Voluntary work and the question about a better self or a better world go hand in hand. But is it really that easy to do good? Elsa Haraldsdottir from Reykjavik volunteers to go shopping with an old lady. A story about the search for a better self.
Have I ever done anything called voluntary work? I believe so, but that is probably a really debatable issue.
In this world of fame, this world of beauty and glory and good people, in this world of poverty and ugliness and bad people I live, we all live. Have you ever asked yourself the question "If I had one wish…" Most people are eager to answer but how many people are eager to do something about it? How many of us go out there in the middle of a situation and try to improve it?
"Who volunteers to go shopping with an old lady?" "I do, I do, I do!" I said jumping up and down. It would be my first volunteering work ever, my first step to a better person. "Here is your address, it takes two hours or so", said the organiser and gave me this suspicious look, like he thought I wouldn’t make it, like I’ve never seen an old lady before, that I didn’t know what one was. I gave him a smile, put the hat on my head and said "She’ll love me".
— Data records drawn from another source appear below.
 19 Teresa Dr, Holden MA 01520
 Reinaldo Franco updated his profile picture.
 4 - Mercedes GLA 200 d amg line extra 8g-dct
Old Lady behind the post box slit
"Hello there!" I cried through the post box slit on the door. I had stood there for twenty minutes. Oh dear I was getting kind of worried, you never know what these old people might try to do, she might have fallen down or forgotten to turn on her hearing aid or god knows what. I walked towards what seemed like the kitchen window, climbed up a stone, grabbed unto the windowsill and looked inside. There she was! Just walking around like she was looking for something. I knocked on the window. "Hello, hello there, will you open the door I’m…". But nothing happened. She was walking out of the kitchen. Now I ran back to the front door and hit it with all my power. "Hello, open up, please." I looked through the postal slit again, what! She was going upstairs. I couldn’t believe it. It was getting quiet. Then all of a sudden the door opened. "Oh, was it you who was yelling and shouting earlier?" The old lady in the door said. "What!" I said, getting really annoyed; I really just wanted to kick her for frighten me so much. For a moment I thought she was a ghost. "Hum, yes I apologise, I hope I didn’t scare you", was what I said. "No not really, I just didn’t really realise where it was coming from", she said gasping. "Well anyway, I’m here to take you to the store. I’m from the organisation, a volunteer."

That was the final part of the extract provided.